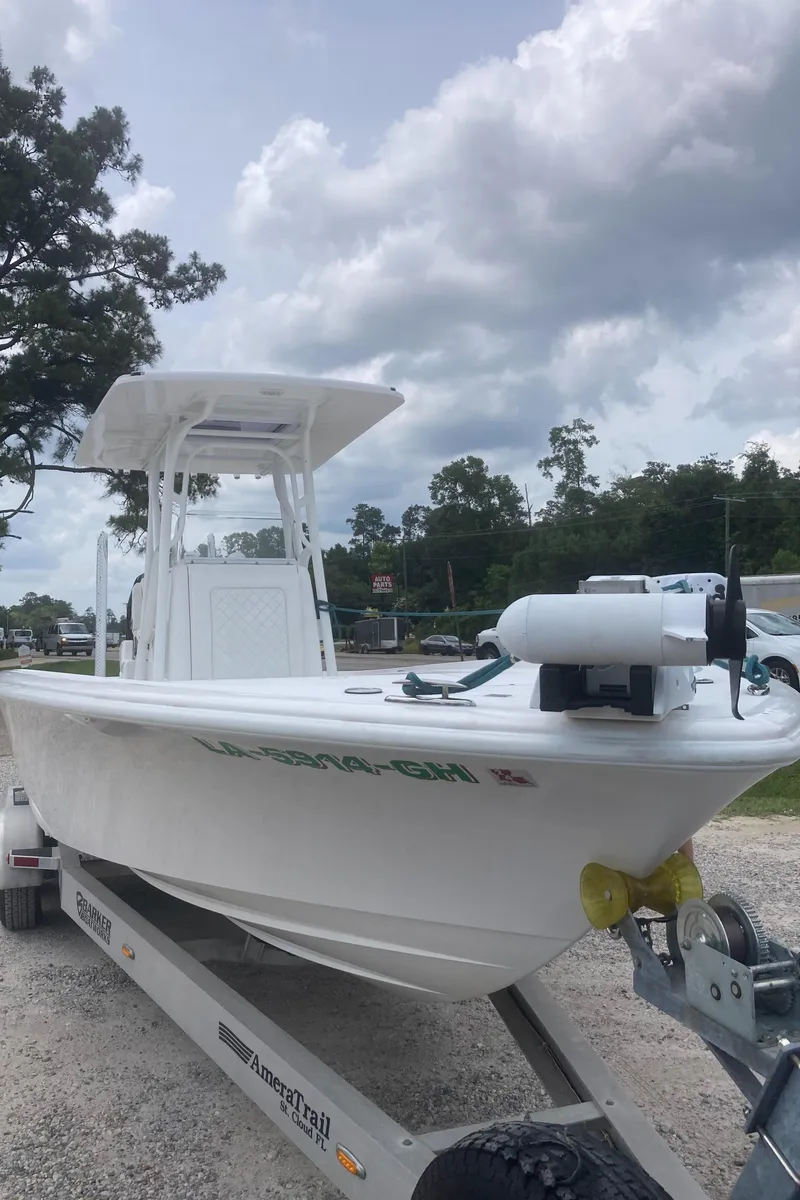 Slide: The Image of 2016 Barker Boatworks Calibouge on trailer under cloudy sky. - 23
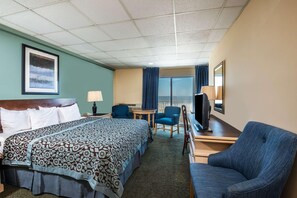 A hotel room with a bed, a desk, a chair, a TV, a lamp, a small table, and a window with curtains. - Days Inn Atlantic City Oceanfront Boardwalk (Atlantic City)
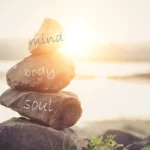 rock cairn with "mind - body - soul" handwritten as superimposed text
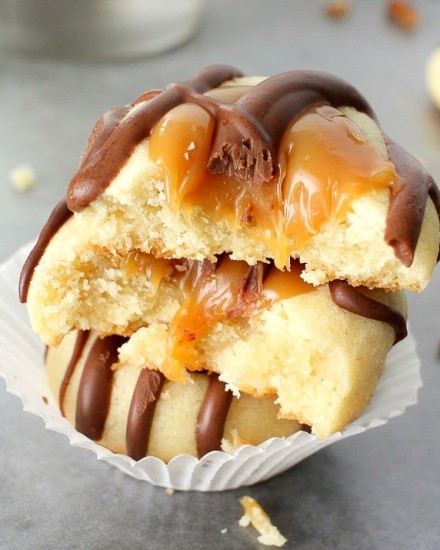 Turtle Twix Thumbprint Cookies | The Chunky Chef | Thumbprint cookies are such a classic... this spin on them includes a gooey caramel center and drizzled melted chocolate. Tastes just like a Twix!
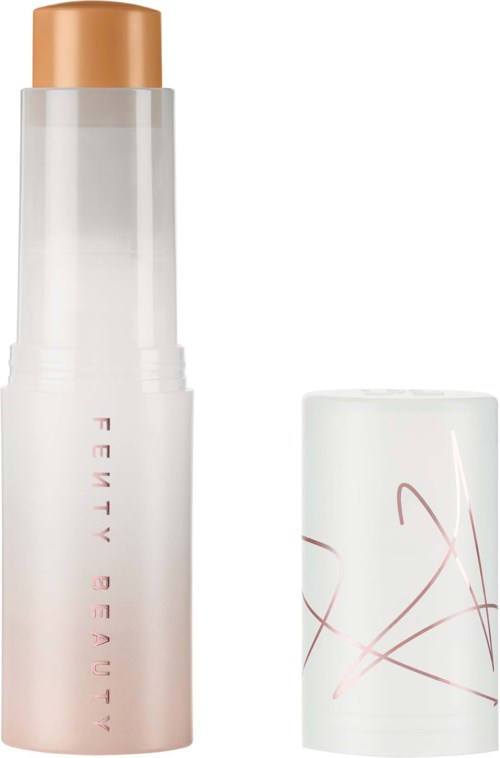 A tall white bottle with a gold cap and pink text, and a white cap with pink lines. Likely a cosmetic product.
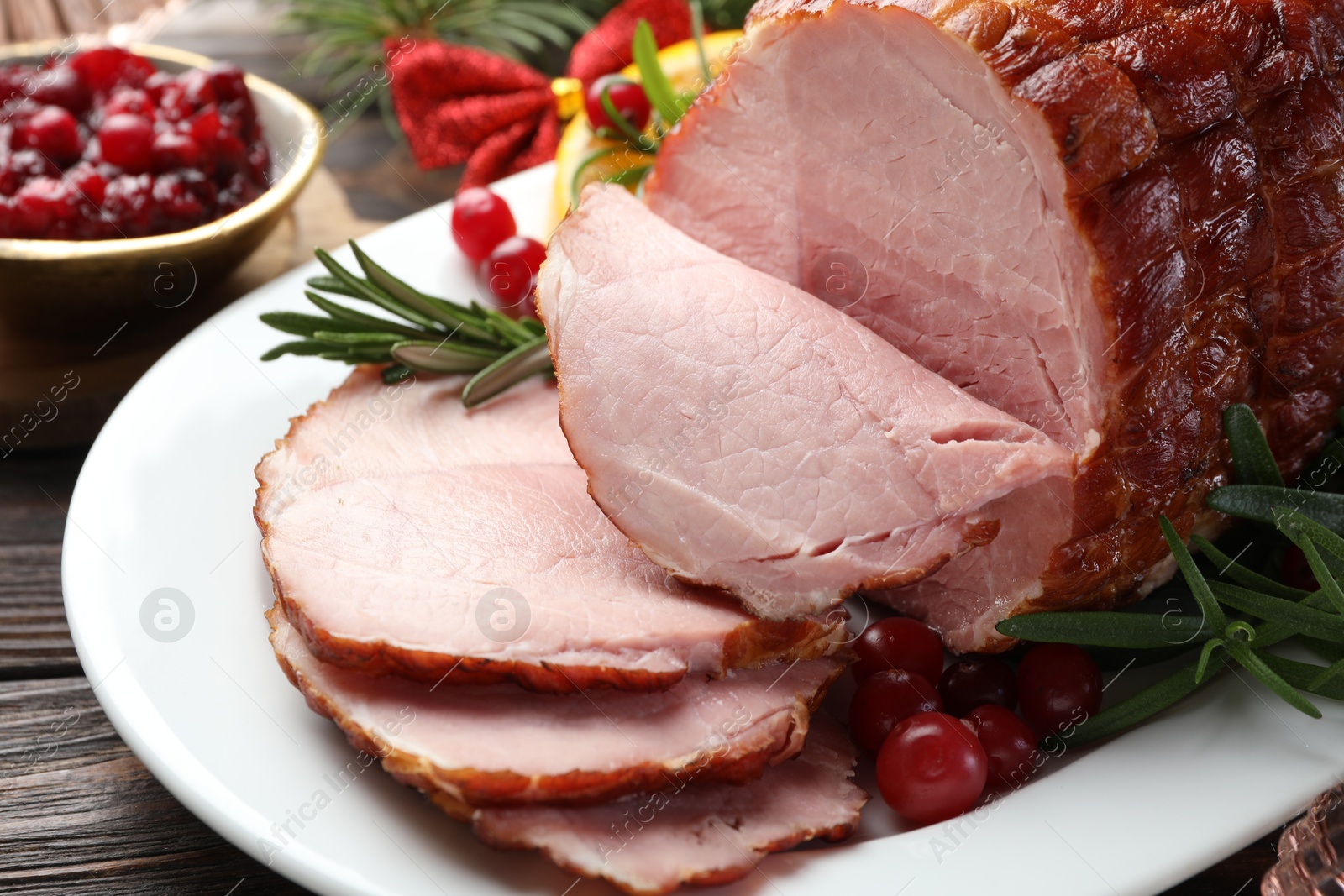 Photo of Christmas food. Tasty baked ham served on wooden table, closeup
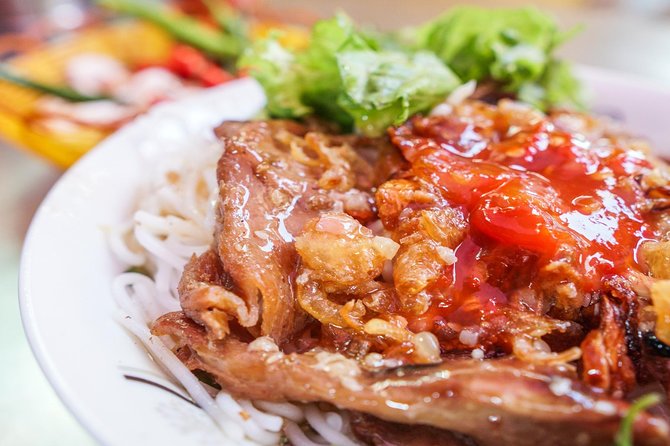 DaNang Night Foodie Tour-Sighseeing with Aodai Lady Rider Private - Why a motorbike makes sense after dark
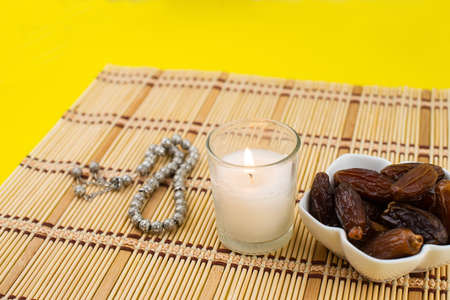 Ramadan Kareem Festival. Close up of dried dates fruit in bowl with candle and rosary on yellow background. Copy spaceの写真素材
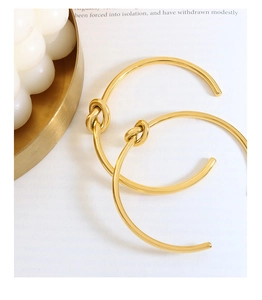 Dettaglio di orecchini a nodo placcati in oro 18K con finitura metallica lucida a specchio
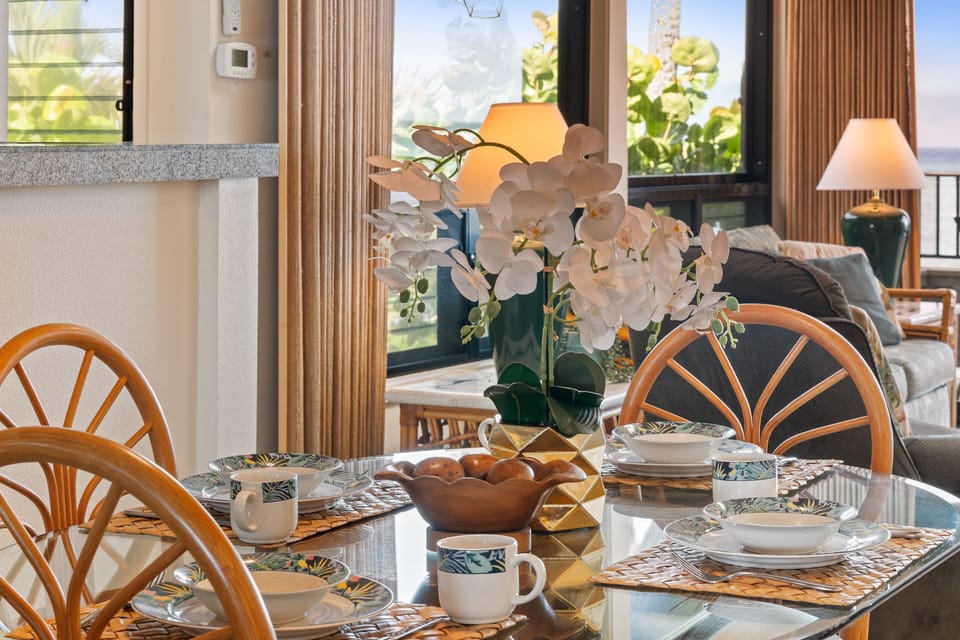 Elegant dining area with glass‑top table, tropical themed décor, and bright natural light that enhances every mealtime.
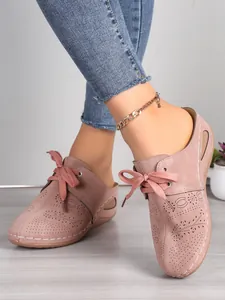 Vue détaillée des mules compensées rose poudré avec motifs découpés au laser et lacets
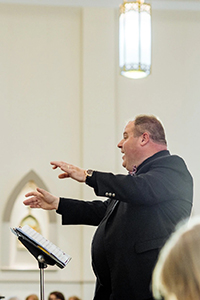 Bill Frederick conducts a choir
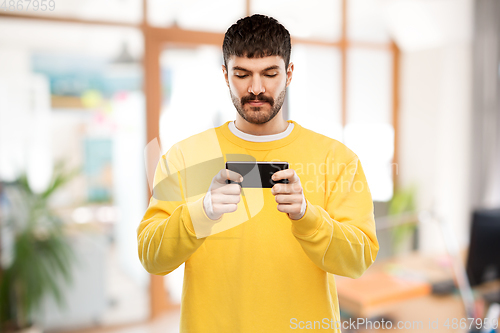 Image of young man playing game on smartphone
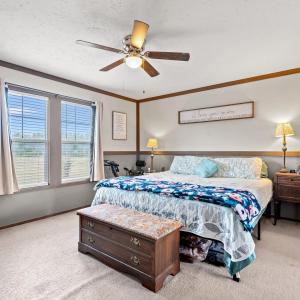 Bedroom featuring a textured ceiling, light colore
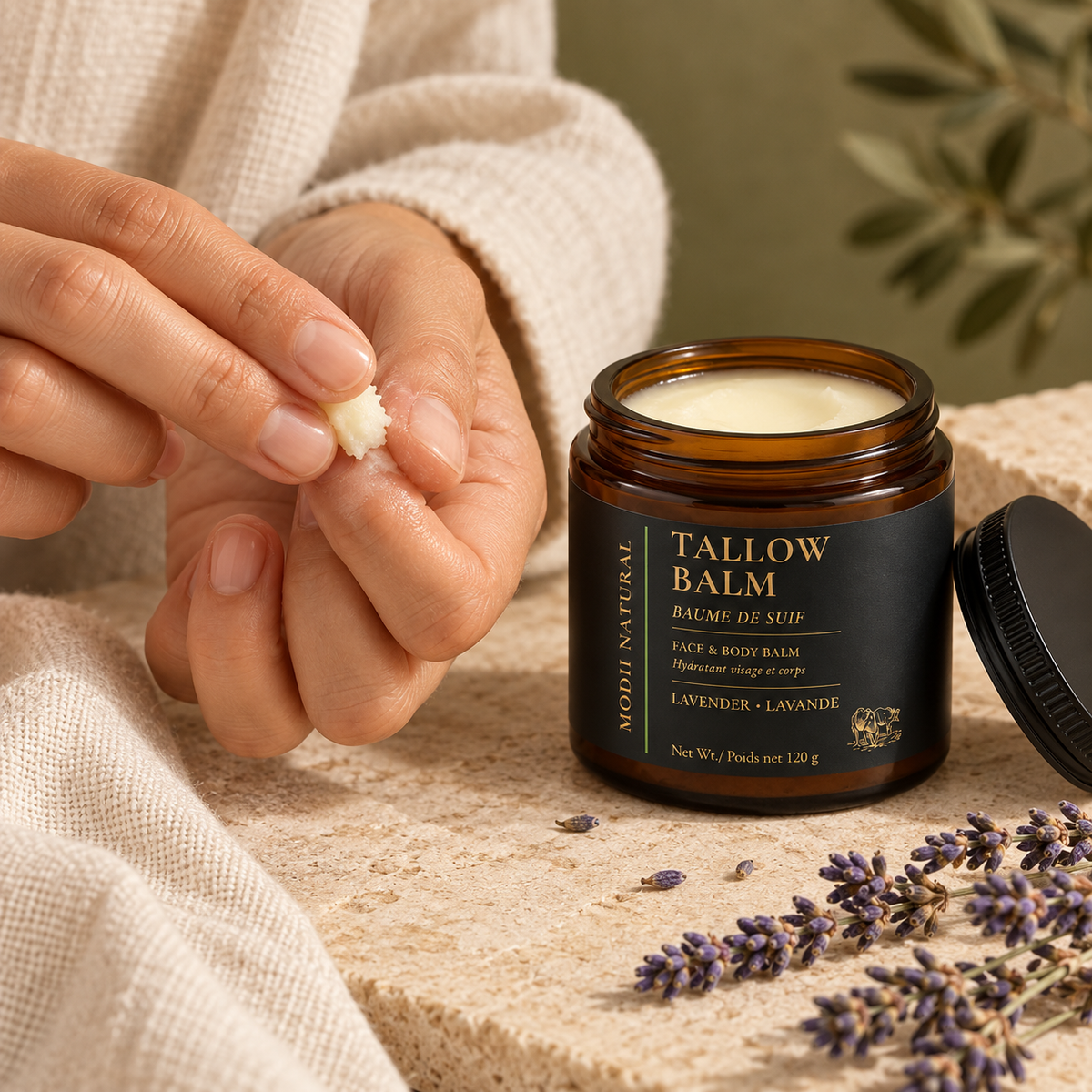 MODII Natural Lavender Tallow Balm — a small amount prepared on adult fingertips before application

[What this task involves] Provide the listing above once more, exactly, with the pictures removed.

[Solution to this task]
 Slide: The Image of 2016 Barker Boatworks Calibouge on trailer under cloudy sky. - 23
 A hotel room with a bed, a desk, a chair, a TV, a lamp, a small table, and a window with curtains. - Days Inn Atlantic City Oceanfront Boardwalk (Atlantic City)
 rock cairn with "mind - body - soul" handwritten as superimposed text
 Turtle Twix Thumbprint Cookies | The Chunky Chef | Thumbprint cookies are such a classic... this spin on them includes a gooey caramel center and drizzled melted chocolate. Tastes just like a Twix!
 A tall white bottle with a gold cap and pink text, and a white cap with pink lines. Likely a cosmetic product.
 Photo of Christmas food. Tasty baked ham served on wooden table, closeup
 DaNang Night Foodie Tour-Sighseeing with Aodai Lady Rider Private - Why a motorbike makes sense after dark
 Ramadan Kareem Festival. Close up of dried dates fruit in bowl with candle and rosary on yellow background. Copy spaceの写真素材
 Dettaglio di orecchini a nodo placcati in oro 18K con finitura metallica lucida a specchio
 Elegant dining area with glass‑top table, tropical themed décor, and bright natural light that enhances every mealtime.
 Vue détaillée des mules compensées rose poudré avec motifs découpés au laser et lacets
 Bill Frederick conducts a choir
 Image of young man playing game on smartphone
 Bedroom featuring a textured ceiling, light colore
 MODII Natural Lavender Tallow Balm — a small amount prepared on adult fingertips before application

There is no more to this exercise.